- _Material provided_:
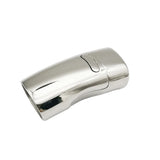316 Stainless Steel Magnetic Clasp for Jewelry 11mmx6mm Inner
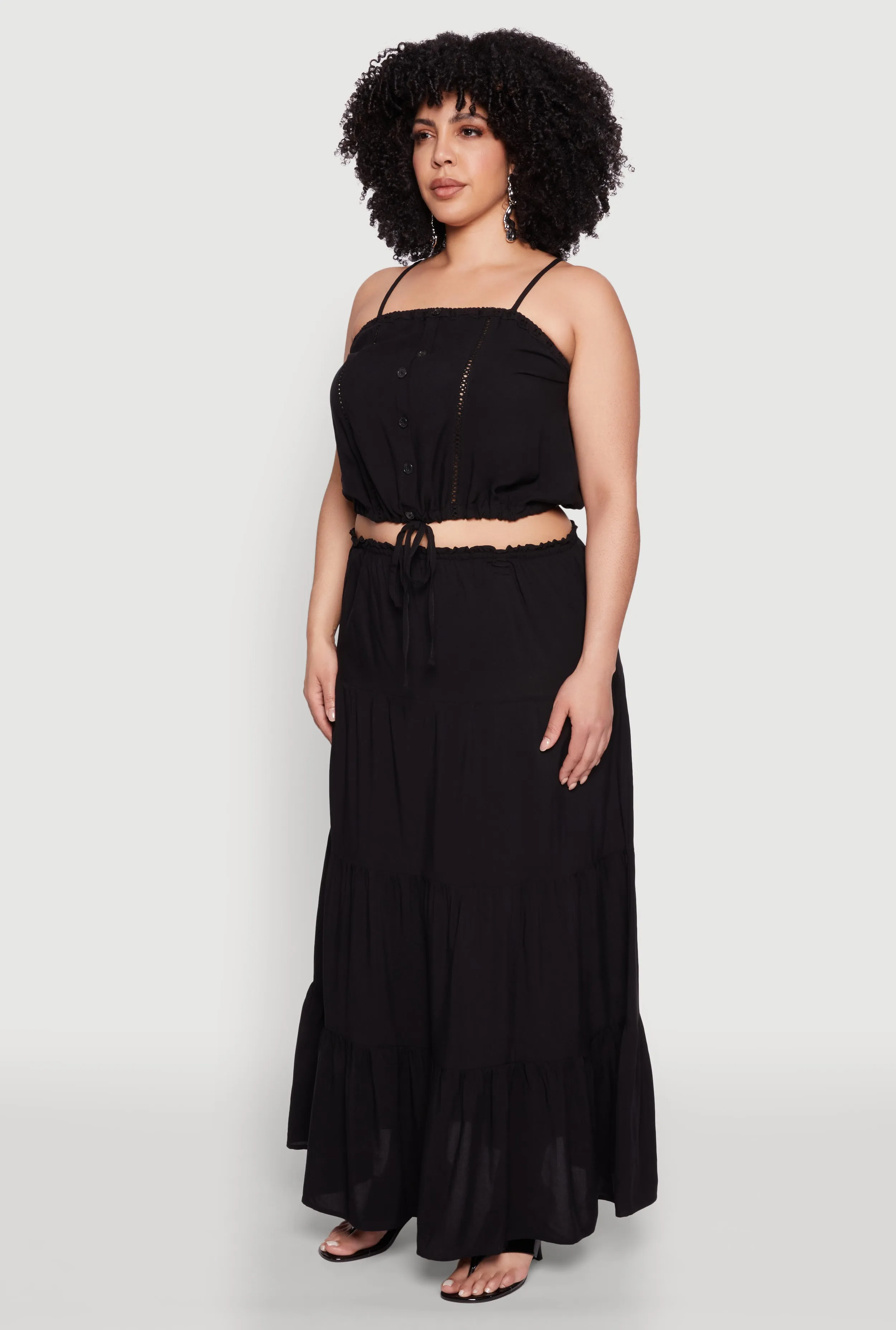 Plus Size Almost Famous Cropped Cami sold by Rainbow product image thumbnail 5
---
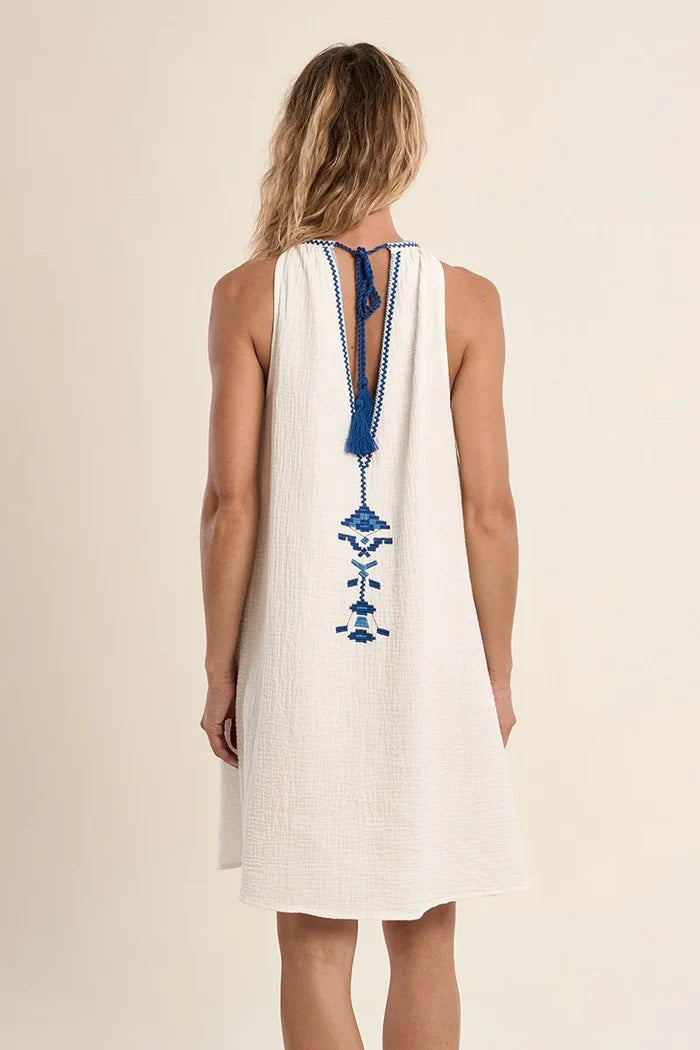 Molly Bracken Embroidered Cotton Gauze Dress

- _What this task involves_: The answer is the lines above from the one with "316 Stainless Steel" to the one with "Plus Size Almost", set down exactly, with no pictures.

- _Exercise output_:
316 Stainless Steel Magnetic Clasp for Jewelry 11mmx6mm Inner
 Plus Size Almost Famous Cropped Cami sold by Rainbow product image thumbnail 5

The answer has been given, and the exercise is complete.